DANNY D. GIRTMAN, Appellant-Defendant,
v.
STATE OF INDIANA, Appellee-Plaintiff.

No. 18A02-0608-CR-627.

Court of Appeals of Indiana.

December 14, 2006.

STEVEN J. BRUCE, Muncie, Indiana, ATTORNEYFOR APPELLANT.

STEVE CARTER, Attorney General of Indiana, ELLEN H. MEILAENDER, Deputy Attorney General, Indianapolis, Indiana, ATTORNEYS FOR APPELLEE.

MEMORANDUM DECISION

FRIEDLANDER, Judge.

Danny D. Girtman appeals the revocation of his probation on grounds that the evidence did not support the trial court's determination that he violated the conditions of probation.

We affirm.

The facts favorable to revocation are that Girtman pled guilty to operating a vehicle while intoxicated as a class D felony, in exchange for which the State agreed to dismiss a charge of operating a vehicle with a blood-alcohol content of .15 or more. The plea agreement specified that Girtman would receive an eighteen-month sentence, all but ten days of which would be suspended to supervised probation. The trial court accepted that agreement on March 9, 2005 and entered judgment accordingly, imposing a set of conditions for probation. The following conditions are germane to this appeal: That Girtman (1) report regularly to his probation officer; (2) report any changes in his address to his probation officer within forty-eight hours of the change; (3) pay a $100 fine and $136.50 in court costs; (4) pay probation-related expenses, including an initial fee of $200, plus $30 per month thereafter; and (5) complete a three-step, substance-abuse treatment program.

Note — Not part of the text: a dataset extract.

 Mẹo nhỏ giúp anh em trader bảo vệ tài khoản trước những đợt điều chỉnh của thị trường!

The court noted in September and October 2005 that Girtman had failed to pay the fines and court costs imposed as conditions of probation. Girtman failed to appear at a February 2006 hearing to address those delinquencies. Probation officer Melissa Jones was assigned to supervise Girtman's probation. At first, Girtman abided by the requirement to report to her regularly. He failed, however, to report as scheduled on January 13, 2006, and never reported to Jones after that. Although he initially lived at "the Mission," Transcript at 4, he moved out at some point and did not provide Jones with his new address. Jones testified at the July 26, 2006 revocation hearing that she "[did not] know what happened to him after that." Id. At the time of the hearing, Girtman had not provided proof that he had completed the third and final phase of his substance-abuse treatment program.

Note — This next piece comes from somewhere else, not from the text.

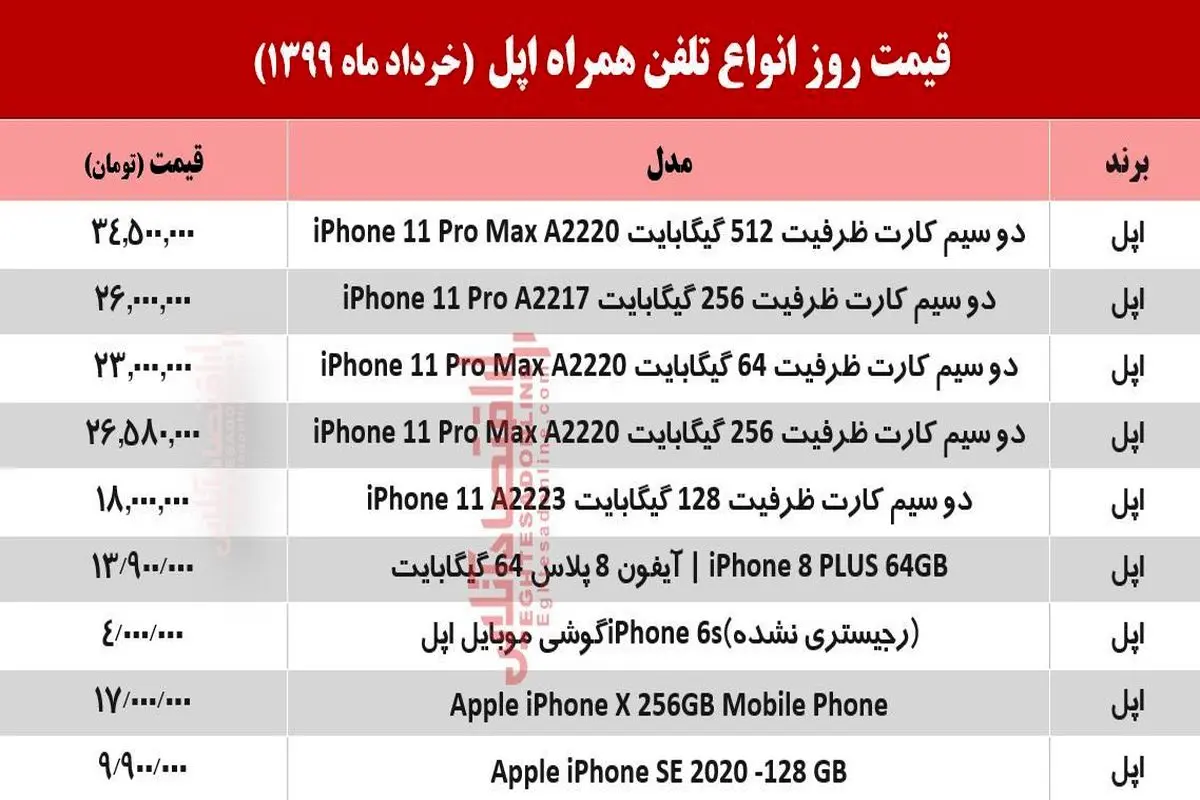 لیست قیمت انواع گوشی‌های اپل امروز یکشنبه ۱۱ خرداد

On March 13, 2006, a petition for revocation of Girtman's probation was filed, alleging violation of each of the five conditions enumerated above. On May 24, an amended petition to revoke probation was filed, this one adding the allegation that, while on probation, Girtman had been arrested and charged with three misdemeanor criminal offenses, one of which was alcohol-related. After receiving evidence at the revocation hearing, the court revoked probation upon the following violations: "He failed to report to the probation officer, failed to inform of current address, failed to pay the court costs, failed to complete substance abuse." Id. at 9.

Girtman contests the revocation of his probation, contending essentially that the evidence does not support the decision. Yet, Girtman challenges only two of the trial court's findings of violations: he contends the evidence was insufficient to prove he violated the condition that he complete a substance-abuse program, and the evidence was insufficient to prove he violated the condition that he pay court costs. He does not challenge the findings that he violated the other two conditions of probation.

As the trial court stated at Girtman's revocation hearing, probation is a favor granted by the State, not a right to which he is entitled. Podlusky v. State, 839 N.E.2d 198 (Ind. Ct. App. 2005). Even accepting for the sake of argument that the trial court erred in identifying two of the violations, two other violations remain. "If there is substantial evidence of probative value to support the trial court's conclusion that a defendant has violated any terms of probation, we will affirm its decision to revoke probation." Watson v. State, 833 N.E.2d 497, 500 (Ind. Ct. App. 2005) (emphasis supplied). Because there were two unchallenged violations found by the trial court, the decision to revoke is affirmed.

Judgment affirmed.

KIRSCH, C.J., and RILEY, J., concur.